After some research it turned out that Apple had recently changed the requirements around TLS certificates which prevented browsers from letting you ignore the warning. (MacOS Catalina 10.15 / iOS 13)

Source: https://support.apple.com/en-us/HT210176

Generate a self-signed SSL certificate

So to meet these requirements we will need to create a config file for OpenSSL.

It’s best to save this file in your project, as it will be project specific depending on the domain name you want to use locally. Create a new text file called openssl.cnf

[req]
default_bits           = 2048
default_md             = sha256
encrypt_key            = no
prompt                 = no
distinguished_name     = subject
req_extensions         = req_ext
x509_extensions        = x509_ext

[ subject ]
C                      = US
ST                     = New York
L                      = New York City
O                      = Liberty Island
OU                     = UNATCO Headquarters
emailAddress           = ajacobson@unatco.org
CN                     = localhost

[ req_ext ]
subjectKeyIdentifier   = hash
basicConstraints       = CA:FALSE
keyUsage               = digitalSignature, keyEncipherment
extendedKeyUsage       = serverAuth, clientAuth
subjectAltName         = @alternate_names
nsComment              = "Self-Signed SSL Certificate"

[ x509_ext ]
subjectKeyIdentifier   = hash
authorityKeyIdentifier = keyid,issuer
basicConstraints       = CA:FALSE
keyUsage               = digitalSignature, keyEncipherment
extendedKeyUsage       = serverAuth, clientAuth
subjectAltName         = @alternate_names
nsComment              = "Self-Signed SSL Certificate"

[ alternate_names ]
DNS.1                  = localhost
DNS.2                  = example.test
DNS.3                  = www.example.test
IP.1                   = 127.0.0.1

You’ll need to update the example.test and www.example.test lines with the domain name you are using locally.

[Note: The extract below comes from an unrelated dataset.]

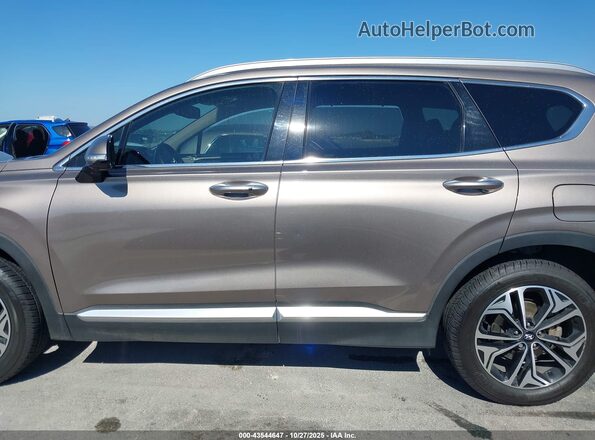 5NMS5CAA8KH036668 2019 HYUNDAI SANTA FE Brown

Now you can run this command to generate the SSL certificate and private key.

openssl req -config openssl.cnf \
-new -sha256 -newkey rsa:2048 -nodes -keyout private.key \
-x509 -days 825 -out certificate.crt

When you use this certificate in your nginx config for your local development server, you should get this error in Chrome.

NET::ERR_CERT_AUTHORITY_INVALID

But this error you can bypass by clicking Advanced and Proceed to localhost (unsafe).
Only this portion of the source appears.